Any anecdotes about the research or writing of your books?
I’ve always tried to do interesting things with an eye to using the experiences in a book. I’ve toured an active mine in the Rocky Mountains miles below the surface of the earth, spent the day on the range with a BLM wild horse herd manager, lived on the Navajo Indian Reservation, worked on an archaeological dig at an Anasazi site, many more. I’m getting ready to volunteer in the Missing Persons Division of the Phoenix PD.
I’ve just finished a follow up book to THE CHARMSTONE called A SECRET WORTH KILLING FOR. This book is also set in Monument Valley on the Navajo Indian Reservation and involves searching for people in a fifty year old photograph. The mystery evolves from what happened to those people some of whom are still alive and some of whom have disappeared mysteriously.
I have a book coming out in July 2009 that is a departure from what I usually write. It’s an Old West historical romance called SAGE CANE’S HOUSE OF GRACE AND FAVOR about a reluctant madam who teaches the women in town how to keep their husband’s home at night. Westerns are my secret guilty pleasure.
This is an excellent question! And I hope I don’t hurt anyone’s feelings here, but the truth is I’ve received some very harmful advice through the years about writing for publication. It wasn’t until I ignored 90% of it that I sold a book. You’ve heard people tell beginning writers to write the book of their heart? Well, in my workshops I tell them DON’T DO THAT! Nobody cares about the book of your heart! You have to write what editors are buying, and what is selling.
You do this by making an effort to read debut books, that is, an author’s first book. That will tell you what editors are recently buying. Keep in mind that particular book may have been contracted 12-18 months ago and the trend may have changed since then, but it will give you an idea.
You can find out what is selling by talking to your local bookstore managers. They will tell you what is flying off the shelves and what customers are asking for.
Once you’re established as an author and selling regularly, you can write the book of your heart. Remember – this is a business not a social club or a support group.
How do you craft a plot?
You’d think there would be a simple answer to this simple question, wouldn’t you? Alas, there is not, at least not for me. My plots have never come together the same way twice. I’ve written a book that felt like the story was being channeled to me, and I’ve written a book that I struggled with and gave up on three times before finishing. And everything in between.

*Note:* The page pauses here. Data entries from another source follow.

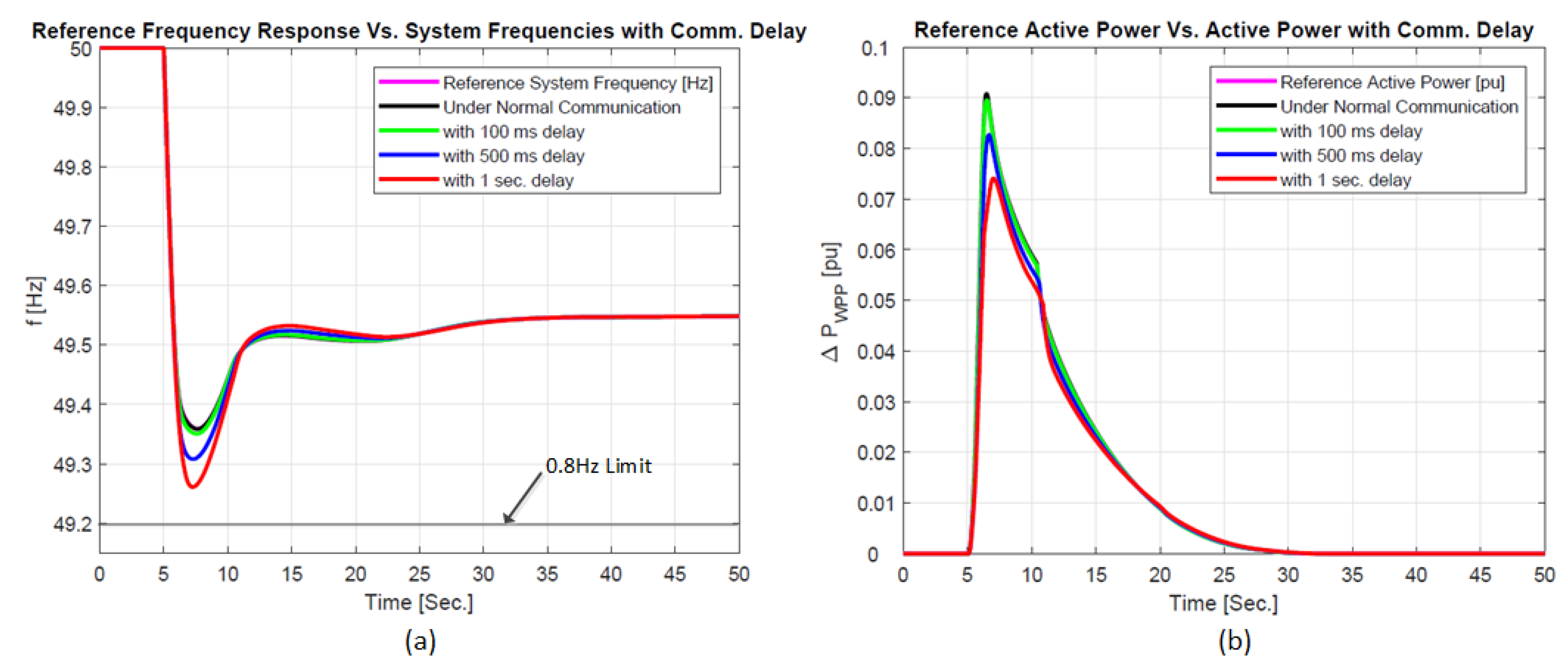Energies 11 01329 g013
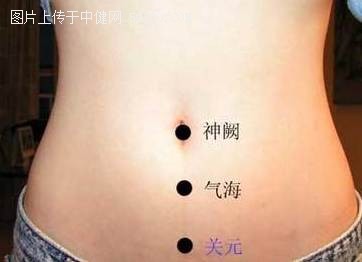 月经不调:中医穴位按摩疗法(图)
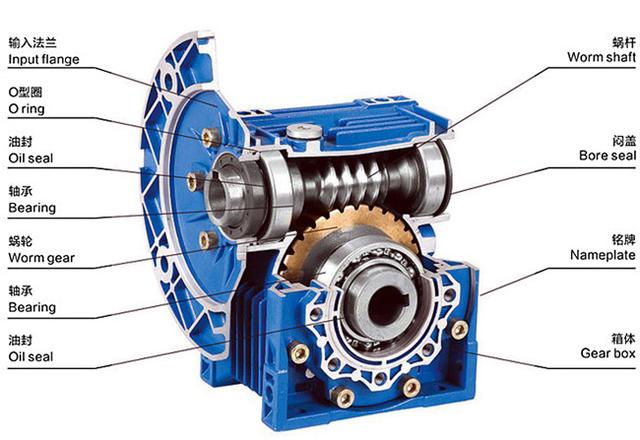 NMRV 090 Worm Gearbox NRV Hollow Shaft Reduction Gearbox Ratio Spare Parts High Precision 90 Degree Planetary Gear Box Speed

Do you begin writing with a synopsis in hand, or do you write as the ideas come to you?
Unless I’m forced, I never write the synopsis first. But I’m a plotter, not a pantser. In life, I don’t go anywhere without a map and if it’s more than a hundred miles, I need a Triptik. In writing, I need to know where I’m going before I begin a book. My writing Triptik is an outline and/or index cards with the major plots points spelled out in chronological order. Sometimes I can write the synopsis part way through once I’m sure where the story is going.
What’s something you wish you’d known earlier that might have saved you some time/frustration in the publishing business?
That there is no ONE way to write a book. There are many ways to write a book.
Oh, yes. My CHARMSTONE Dream Team! Three readers from Pennsylvania who fell so in love with THE CHARMSTONE they took a road trip out West to visit Monument Valley on the Navajo Indian Reservation, and came to Phoenix to meet me and have me sign their books.